Eurobank has revealed the new board members it plans to propose for Hellenic Bank in the lead-up to the general assembly scheduled for September 18.
According to the proposal, Petros Christodoulou is expected to retain his position as chairman. Additionally, Michalis Louis, currently serving as the chief executive officer of Eurobank Cyprus, has been recommended as an executive board member.
Another key figure included in the proposal is Antonis Rouvas, the current interim CEO of Hellenic Bank, who has also been suggested as an executive board member. The proposed structure for Hellenic Bank’s new board also features independent non-executive board members Stephen John Albutt and Maria Xatha.
The lineup for independent non-executive members on the new board is set to include Oliver Bernard Elligan, Robert Anastasis Kyprianou, Charalambos Konstantinou, Maria Charalambous, Sofronis Clerides, and Kenneth Howard Smith.
Eurobank’s influence has grown substantially following the completion of its mandatory public offer to Hellenic Bank shareholders, leading to Eurobank now holding 56 percent of the bank’s total share capital, making it the largest shareholder within the group.
As reported earlier this month, Eurobank does not intend to make significant changes to the senior management structure of Hellenic Bank. Reports suggest that the management of Hellenic Bank will be bolstered by a small executive team from Eurobank Cyprus rather than from its parent company in Athens. Furthermore, the selection of the new CEO for Hellenic Bank will be made by the new board, which will be elected at the extraordinary general assembly.
It is noteworthy that Michalis Louis has been the CEO of Eurobank Cyprus since its inception. During the banking crisis, Eurobank managed to maintain the lowest percentage of non-performing loans, around 6 percent, and has consistently achieved steady profitability in recent years.
According to the bank’s most recent financial results, Eurobank Cyprus reported a net profit after tax of €105.7 million for the first half of 2024. The financial results for the period indicate strong capital adequacy and liquidity, an improved cost-to-income ratio, and increased profitability.
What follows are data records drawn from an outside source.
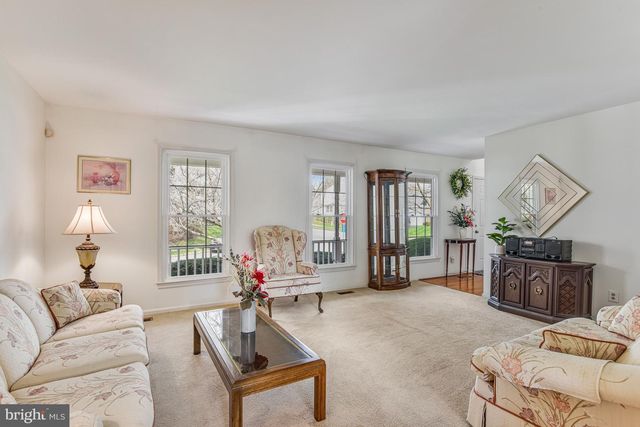 5004 PRINCE CASPIAN LN, Burke, VA 22015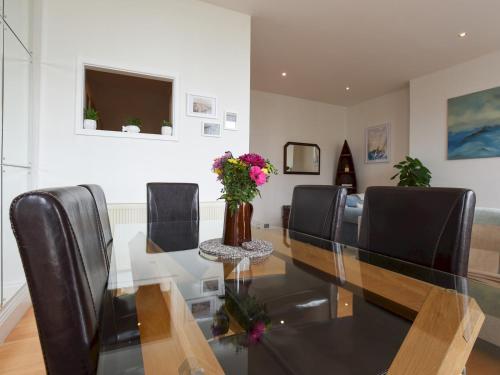 Pass The Keys 2bed Seafront Apartment With Fantastic Views And Parking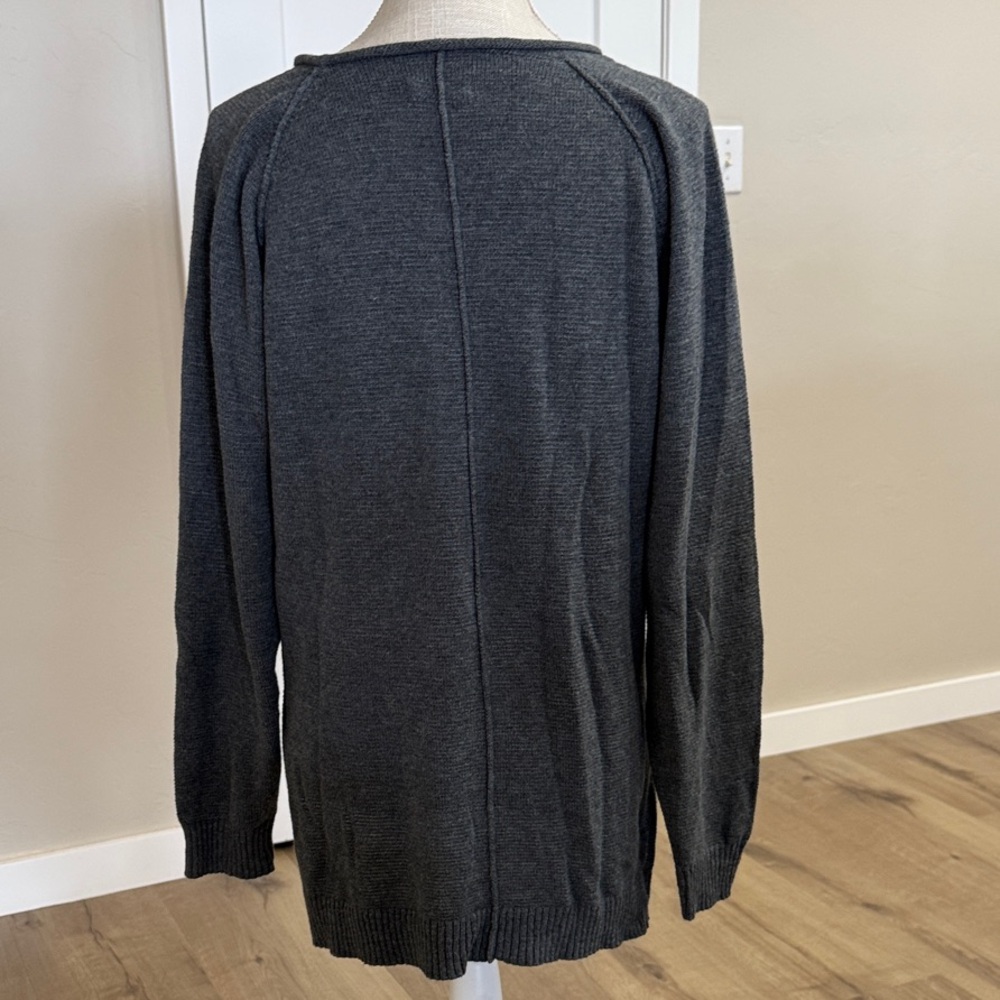 UGG GRAY CREWNECK SWEATER - NWOT - Picture 2 of 12
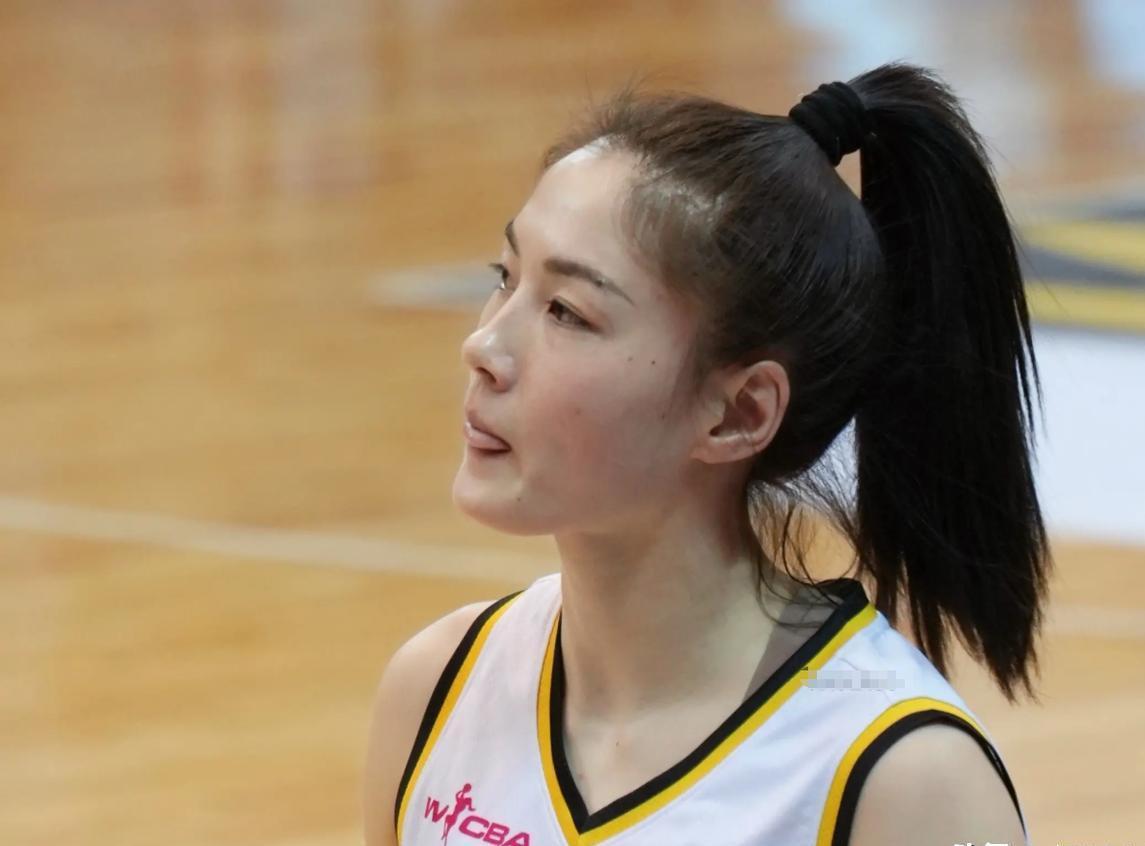 九游体育官网-光漂亮有啥用？4战15中4，失误多于进球数，球迷：咋进的国家队？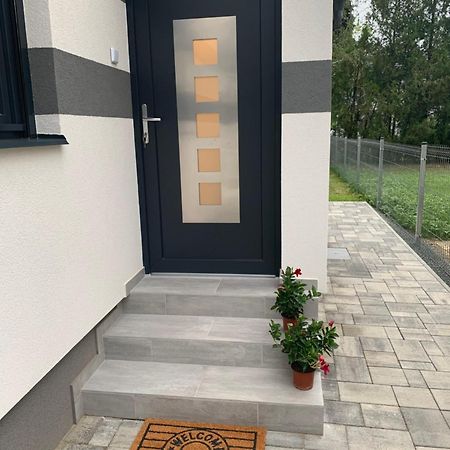 Zenit Apartman Бік Екстер'єр фото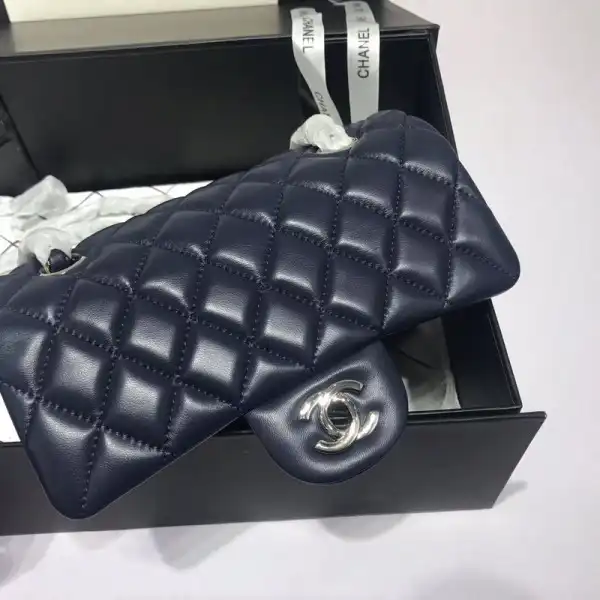 Firstbag Ru CHANEL Flap Bag Lambskin 20CM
The bank’s net profit showed a €14.9 million increase over the same period in 2023, reflecting a 16 percent year-on-year rise.
Additionally, the bank’s loans-to-deposits ratio, excluding loans secured by deposits, increased to 32.8 percent, with total deposits reaching €7.47 billion, marking an increase of €371 million since the start of the year.
Meanwhile, Hellenic Bank reported an after-tax profit of €93.3 million for the first quarter of 2024. Interim CEO Antonis Rouvas commented that the year "started on a strong footing" for the bank. "This performance demonstrates the resilience and robustness of our business model, despite the continuing challenges and uncertainty arising from the geopolitical and economic environment," Rouvas added at the time.